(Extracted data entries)
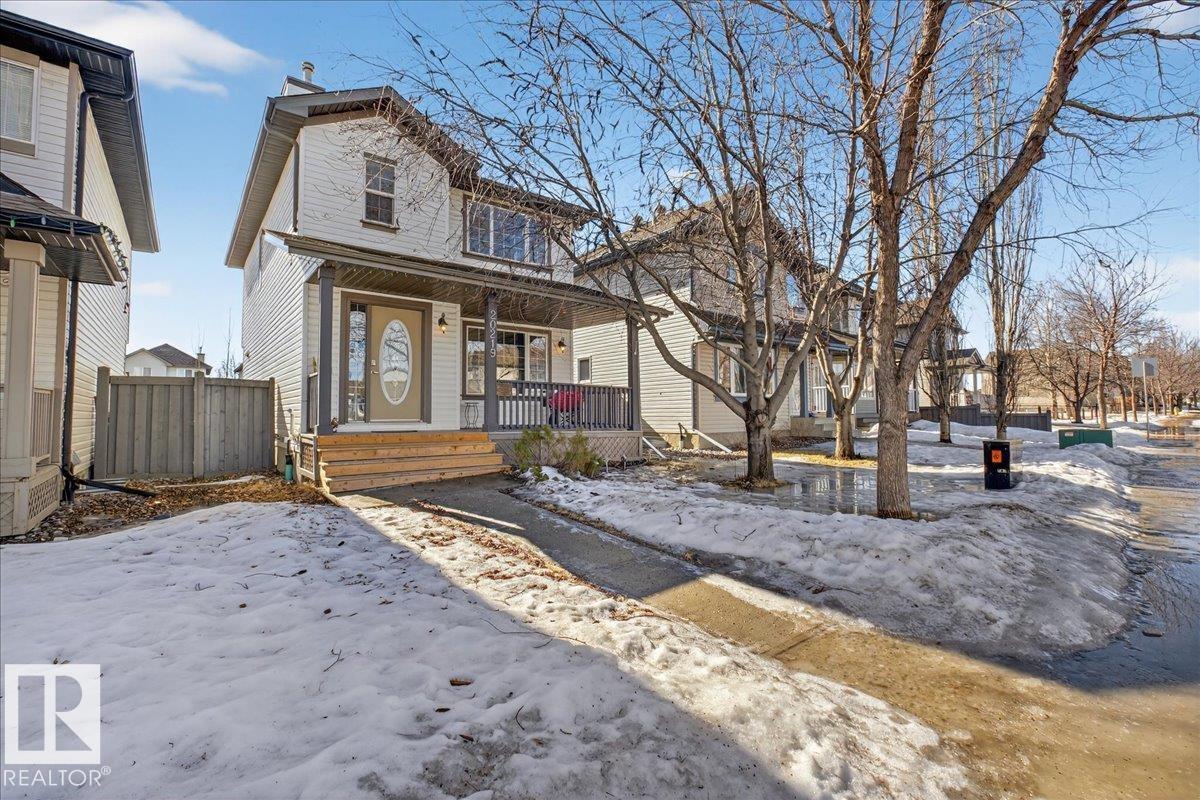 20219 54 Av Nw, Edmonton, Alberta  T6M 2W6 - Photo 3 - E4478079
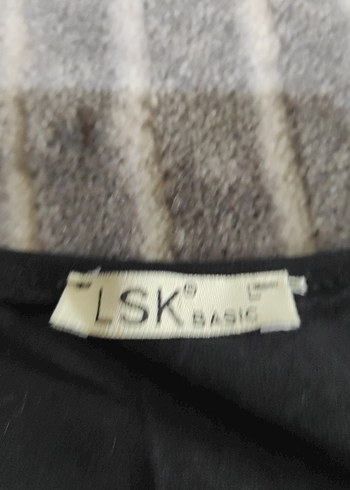 Tüy Detaylı Kuğu Baskılı Kısa Koll Tişört - Görsel 3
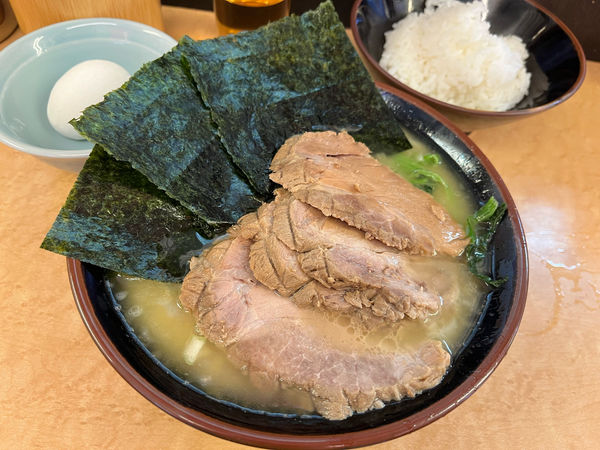 「チャーシューメン ¥900 ライス（小）¥100」@光家の写真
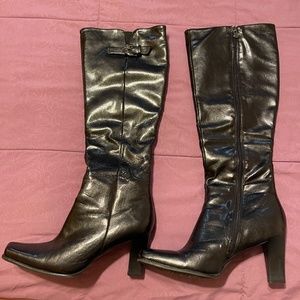 Etienne Aigner Women's Knee High Boots 9.5 Black Leather Zip Up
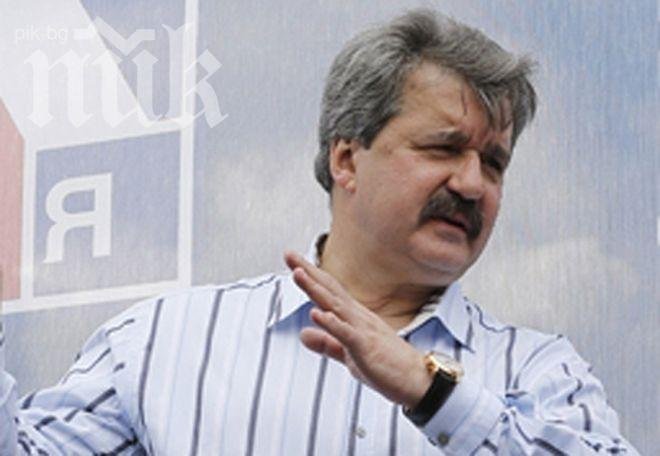 Батков бесен след провала: Потресен съм! Нека футболистите да си опичат ума!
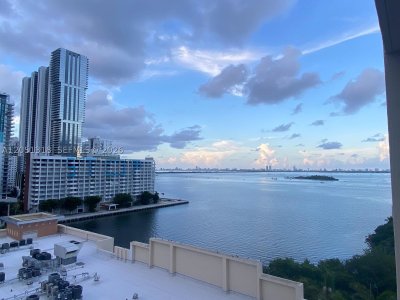 Alquiler de apartamento en Cite On The Bay 1107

#### [Aim of the exercise]
Transcribe the records above exactly, skipping pictures.

#### [Your response]
 20219 54 Av Nw, Edmonton, Alberta  T6M 2W6 - Photo 3 - E4478079
 Tüy Detaylı Kuğu Baskılı Kısa Koll Tişört - Görsel 3
 「チャーシューメン ¥900 ライス（小）¥100」@光家の写真
 Etienne Aigner Women's Knee High Boots 9.5 Black Leather Zip Up
 Батков бесен след провала: Потресен съм! Нека футболистите да си опичат ума!
 Alquiler de apartamento en Cite On The Bay 1107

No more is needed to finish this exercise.